**Problem statement**. Each line below is to be repeated exactly; any picture is to be left out.

**Collected data**.
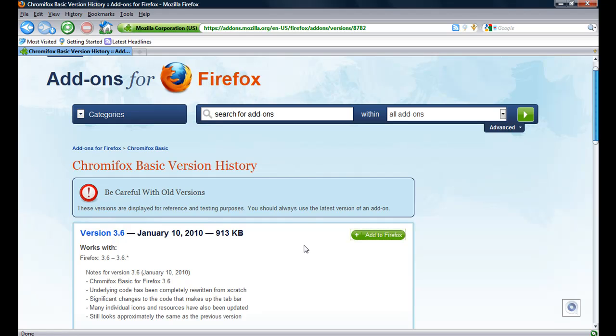And by the way, once you've installed it, you have to restart Firefox. Just letting you know. Ok, see you.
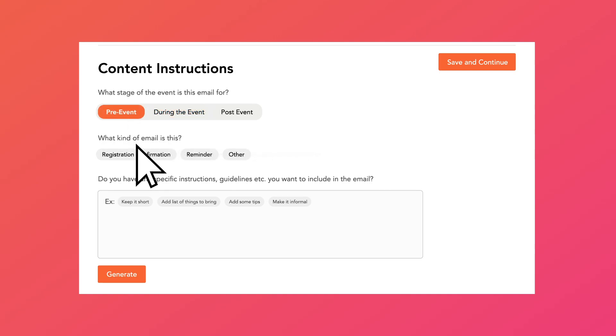And what purpose does this email serve? In this example, we're going to generate a registration confirmation email, but you can select other options like a reminder or thank you email.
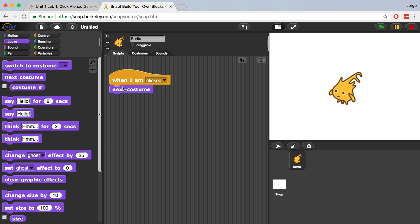The code is going to read kind of like English. As long as our sprite has more than one costume, each time the sprite is clicked, the next costume will be displayed. You've got to make sure that your blocks are snapped together because if they are separate, it won't work.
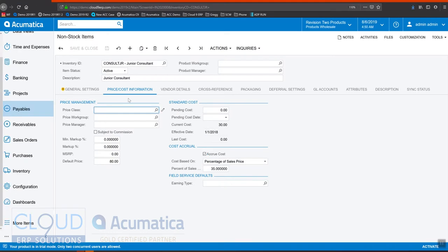We accrue costs to determine our profitability, and it gives us the ability to have a GL account to keep a running total of those amounts.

**Result**.
And by the way, once you've installed it, you have to restart Firefox. Just letting you know. Ok, see you.
And what purpose does this email serve? In this example, we're going to generate a registration confirmation email, but you can select other options like a reminder or thank you email.
The code is going to read kind of like English. As long as our sprite has more than one costume, each time the sprite is clicked, the next costume will be displayed. You've got to make sure that your blocks are snapped together because if they are separate, it won't work.
We accrue costs to determine our profitability, and it gives us the ability to have a GL account to keep a running total of those amounts.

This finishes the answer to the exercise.